2012 Canadian Hillman Prize Winner
They called it the "Confidential List."
For more than 50 years, Scouts Canada compiled names of leaders and volunteers suspected, accused or known to have abused children. Officials, however, at times failed to pass the names along to law enforcement, allowing abuse to continue for years.
Highly publicized cases of abuse in Boy Scouts of America have brought attention to these "perversion lists" in the United States. But no one had looked at similar practices within Scouts Canada.
A yearlong, multi-media investigation by the CBC revealed cover-ups that stretch back more than a half century. The team of CBC reporters partnered with The Los Angeles Times in the story that uncovered more than 300 cases of Boy Scouts abused by leaders. Scouts Canada would eventually admit to knowing of at least 50 more.
Following the CBC investigation, Scouts Canada launched a sweeping inquiry, more victims have emerged and charges have been laid. For the first time in its history, Scouts Canada apologized to victims.

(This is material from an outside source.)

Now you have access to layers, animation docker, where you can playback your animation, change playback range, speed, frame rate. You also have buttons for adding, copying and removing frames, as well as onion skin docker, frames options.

"The fifth estate's 'Scout's Honour' is a triumph of investigative journalism," said judge Jim Stanford. "The reporters undertook an investigation that was complex, detailed, international, and expensive - far superior, in fact, to most police criminal investigations of the same sort of crimes. Their findings have made a concrete difference in the lives of hundreds of people, and helped make Canada a safer place for children. All Canadians owe the CBC, and this program, a huge debt."

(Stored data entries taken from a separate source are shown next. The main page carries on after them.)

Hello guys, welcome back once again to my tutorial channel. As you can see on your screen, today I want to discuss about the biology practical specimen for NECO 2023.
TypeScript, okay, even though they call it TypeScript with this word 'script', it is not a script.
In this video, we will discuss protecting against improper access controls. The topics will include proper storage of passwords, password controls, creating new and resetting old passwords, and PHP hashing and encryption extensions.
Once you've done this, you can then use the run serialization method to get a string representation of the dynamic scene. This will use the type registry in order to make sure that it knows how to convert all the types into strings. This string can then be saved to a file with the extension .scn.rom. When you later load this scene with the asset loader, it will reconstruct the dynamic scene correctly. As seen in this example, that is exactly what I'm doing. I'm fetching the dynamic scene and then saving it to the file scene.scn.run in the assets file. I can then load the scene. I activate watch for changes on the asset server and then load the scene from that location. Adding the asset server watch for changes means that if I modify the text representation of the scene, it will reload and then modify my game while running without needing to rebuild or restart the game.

Diana Swain, CBC News Senior Investigative Correspondent, is one of Canada's leading investigative journalists. In her more than 25-year career, she has developed a reputation for tenacious reporting and compelling interviews. Her work is frequently seen on The National and CBC Television's flagship investigative program the fifth estate. In addition to Scout's Honour, her recent work has included an investigation into the millions of Canadian tax-dollars hidden in offshore accounts, and a report on the Canadian military's response to the needs of returning soldiers now struggling with Post Traumatic Stress Disorder. She has received eight Gemini nominations recognizing her writing, reporting and anchoring and is a three-time recipient of the Gemini for Best News Anchor, the first woman in Canada to win the award. She also received the Canadian Association of Journalists' 2011 award for Best Investigative reporting and the 2011 media award from the Canadian Medical Association for her reporting on the federal government's behind the scenes maneuvering on new tobacco warning labels. Diana's work has twice been included in winning submissions for the Michener award, recognizing meritorious public service journalism in Canada.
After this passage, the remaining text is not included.